## [PROVIDED INFORMATION]
/---
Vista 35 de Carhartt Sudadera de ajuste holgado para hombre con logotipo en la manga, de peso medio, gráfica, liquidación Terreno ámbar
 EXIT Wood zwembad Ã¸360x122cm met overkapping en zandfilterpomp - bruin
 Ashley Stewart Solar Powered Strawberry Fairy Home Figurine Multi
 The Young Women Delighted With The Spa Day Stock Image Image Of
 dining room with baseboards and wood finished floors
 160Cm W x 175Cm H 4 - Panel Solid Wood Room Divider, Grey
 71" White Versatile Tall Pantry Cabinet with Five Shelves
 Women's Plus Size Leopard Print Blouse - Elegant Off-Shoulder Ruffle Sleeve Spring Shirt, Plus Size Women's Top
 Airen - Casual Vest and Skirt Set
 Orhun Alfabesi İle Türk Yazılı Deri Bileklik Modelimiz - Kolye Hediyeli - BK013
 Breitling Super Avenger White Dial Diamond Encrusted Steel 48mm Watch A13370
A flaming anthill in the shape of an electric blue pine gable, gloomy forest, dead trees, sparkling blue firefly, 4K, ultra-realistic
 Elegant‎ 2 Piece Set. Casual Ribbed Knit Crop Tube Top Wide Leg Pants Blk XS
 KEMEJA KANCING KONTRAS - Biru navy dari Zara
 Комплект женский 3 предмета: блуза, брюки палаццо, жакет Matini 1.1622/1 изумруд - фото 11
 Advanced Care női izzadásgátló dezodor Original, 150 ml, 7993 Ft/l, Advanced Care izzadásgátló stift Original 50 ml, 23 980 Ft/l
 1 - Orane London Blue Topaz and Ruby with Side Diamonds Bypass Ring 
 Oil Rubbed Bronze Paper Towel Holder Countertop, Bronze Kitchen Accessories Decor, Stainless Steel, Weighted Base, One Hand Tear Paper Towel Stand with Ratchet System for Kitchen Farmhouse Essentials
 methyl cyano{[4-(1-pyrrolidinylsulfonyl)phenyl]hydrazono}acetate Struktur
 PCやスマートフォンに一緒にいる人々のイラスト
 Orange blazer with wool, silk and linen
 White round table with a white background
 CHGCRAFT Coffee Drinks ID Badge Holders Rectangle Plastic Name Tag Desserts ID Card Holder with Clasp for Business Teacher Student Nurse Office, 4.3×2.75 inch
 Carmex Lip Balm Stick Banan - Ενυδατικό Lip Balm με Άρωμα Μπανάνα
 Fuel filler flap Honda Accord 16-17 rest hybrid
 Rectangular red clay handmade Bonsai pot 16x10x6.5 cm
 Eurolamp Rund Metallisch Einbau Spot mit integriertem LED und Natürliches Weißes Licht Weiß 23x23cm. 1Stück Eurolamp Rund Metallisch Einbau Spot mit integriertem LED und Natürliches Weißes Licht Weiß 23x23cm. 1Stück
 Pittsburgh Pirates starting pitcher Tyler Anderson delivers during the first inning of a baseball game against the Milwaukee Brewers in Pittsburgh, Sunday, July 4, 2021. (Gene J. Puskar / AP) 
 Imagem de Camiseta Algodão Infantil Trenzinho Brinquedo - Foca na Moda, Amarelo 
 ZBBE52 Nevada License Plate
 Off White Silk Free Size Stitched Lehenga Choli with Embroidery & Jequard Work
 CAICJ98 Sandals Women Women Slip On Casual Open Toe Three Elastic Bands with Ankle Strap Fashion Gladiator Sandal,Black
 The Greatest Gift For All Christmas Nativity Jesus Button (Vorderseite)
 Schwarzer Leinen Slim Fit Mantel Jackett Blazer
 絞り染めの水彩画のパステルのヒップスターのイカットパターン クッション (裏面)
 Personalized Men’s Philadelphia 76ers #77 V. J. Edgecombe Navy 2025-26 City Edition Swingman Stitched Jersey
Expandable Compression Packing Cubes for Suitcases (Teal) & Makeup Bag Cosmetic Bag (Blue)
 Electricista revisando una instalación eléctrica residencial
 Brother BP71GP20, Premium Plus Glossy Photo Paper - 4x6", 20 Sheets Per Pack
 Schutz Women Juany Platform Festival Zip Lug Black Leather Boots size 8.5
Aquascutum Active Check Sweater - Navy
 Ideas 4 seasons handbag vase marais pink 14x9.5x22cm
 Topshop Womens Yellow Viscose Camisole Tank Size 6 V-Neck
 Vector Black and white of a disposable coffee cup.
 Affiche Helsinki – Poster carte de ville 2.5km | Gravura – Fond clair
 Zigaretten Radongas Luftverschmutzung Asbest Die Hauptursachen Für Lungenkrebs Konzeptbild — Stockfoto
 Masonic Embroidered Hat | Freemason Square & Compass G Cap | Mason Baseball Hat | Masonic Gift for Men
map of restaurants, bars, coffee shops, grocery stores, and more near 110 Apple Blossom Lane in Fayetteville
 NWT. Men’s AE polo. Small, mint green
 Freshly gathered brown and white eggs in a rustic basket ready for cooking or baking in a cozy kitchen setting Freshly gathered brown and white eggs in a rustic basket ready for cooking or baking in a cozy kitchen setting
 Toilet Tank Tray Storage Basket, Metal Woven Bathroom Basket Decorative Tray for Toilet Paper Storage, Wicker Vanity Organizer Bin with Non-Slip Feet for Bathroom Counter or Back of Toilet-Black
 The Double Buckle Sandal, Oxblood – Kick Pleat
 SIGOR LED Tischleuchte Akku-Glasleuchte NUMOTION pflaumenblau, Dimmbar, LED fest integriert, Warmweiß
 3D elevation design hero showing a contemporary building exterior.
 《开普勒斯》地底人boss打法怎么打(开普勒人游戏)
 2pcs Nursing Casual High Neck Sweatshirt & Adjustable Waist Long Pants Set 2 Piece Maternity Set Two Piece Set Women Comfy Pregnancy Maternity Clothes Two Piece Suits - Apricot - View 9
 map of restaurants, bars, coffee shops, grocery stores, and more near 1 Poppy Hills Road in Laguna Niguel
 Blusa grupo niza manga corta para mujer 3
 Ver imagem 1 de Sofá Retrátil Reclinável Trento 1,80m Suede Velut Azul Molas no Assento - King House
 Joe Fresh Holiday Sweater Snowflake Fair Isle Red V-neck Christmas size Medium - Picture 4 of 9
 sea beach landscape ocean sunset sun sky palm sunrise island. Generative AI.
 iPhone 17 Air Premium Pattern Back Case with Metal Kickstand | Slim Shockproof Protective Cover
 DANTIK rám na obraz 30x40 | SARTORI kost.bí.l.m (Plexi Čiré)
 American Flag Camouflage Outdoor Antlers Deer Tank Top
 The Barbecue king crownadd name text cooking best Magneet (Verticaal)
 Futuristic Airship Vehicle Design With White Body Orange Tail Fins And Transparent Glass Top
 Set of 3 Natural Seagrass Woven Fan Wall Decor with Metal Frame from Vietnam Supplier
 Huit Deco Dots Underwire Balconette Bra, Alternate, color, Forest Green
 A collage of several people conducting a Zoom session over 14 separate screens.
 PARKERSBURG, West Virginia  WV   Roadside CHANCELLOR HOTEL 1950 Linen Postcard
\---
## [WORK REQUIRED]
Among the entries above, find the line with "Orhun Alfabesi İle" and the line with "ZBBE52 Nevada License Plate"; give again exactly these two lines and all lines between them.

## [ANSWER SECTION]
 Orhun Alfabesi İle Türk Yazılı Deri Bileklik Modelimiz - Kolye Hediyeli - BK013
 Breitling Super Avenger White Dial Diamond Encrusted Steel 48mm Watch A13370
A flaming anthill in the shape of an electric blue pine gable, gloomy forest, dead trees, sparkling blue firefly, 4K, ultra-realistic
 Elegant‎ 2 Piece Set. Casual Ribbed Knit Crop Tube Top Wide Leg Pants Blk XS
 KEMEJA KANCING KONTRAS - Biru navy dari Zara
 Комплект женский 3 предмета: блуза, брюки палаццо, жакет Matini 1.1622/1 изумруд - фото 11
 Advanced Care női izzadásgátló dezodor Original, 150 ml, 7993 Ft/l, Advanced Care izzadásgátló stift Original 50 ml, 23 980 Ft/l
 1 - Orane London Blue Topaz and Ruby with Side Diamonds Bypass Ring 
 Oil Rubbed Bronze Paper Towel Holder Countertop, Bronze Kitchen Accessories Decor, Stainless Steel, Weighted Base, One Hand Tear Paper Towel Stand with Ratchet System for Kitchen Farmhouse Essentials
 methyl cyano{[4-(1-pyrrolidinylsulfonyl)phenyl]hydrazono}acetate Struktur
 PCやスマートフォンに一緒にいる人々のイラスト
 Orange blazer with wool, silk and linen
 White round table with a white background
 CHGCRAFT Coffee Drinks ID Badge Holders Rectangle Plastic Name Tag Desserts ID Card Holder with Clasp for Business Teacher Student Nurse Office, 4.3×2.75 inch
 Carmex Lip Balm Stick Banan - Ενυδατικό Lip Balm με Άρωμα Μπανάνα
 Fuel filler flap Honda Accord 16-17 rest hybrid
 Rectangular red clay handmade Bonsai pot 16x10x6.5 cm
 Eurolamp Rund Metallisch Einbau Spot mit integriertem LED und Natürliches Weißes Licht Weiß 23x23cm. 1Stück Eurolamp Rund Metallisch Einbau Spot mit integriertem LED und Natürliches Weißes Licht Weiß 23x23cm. 1Stück
 Pittsburgh Pirates starting pitcher Tyler Anderson delivers during the first inning of a baseball game against the Milwaukee Brewers in Pittsburgh, Sunday, July 4, 2021. (Gene J. Puskar / AP) 
 Imagem de Camiseta Algodão Infantil Trenzinho Brinquedo - Foca na Moda, Amarelo 
 ZBBE52 Nevada License Plate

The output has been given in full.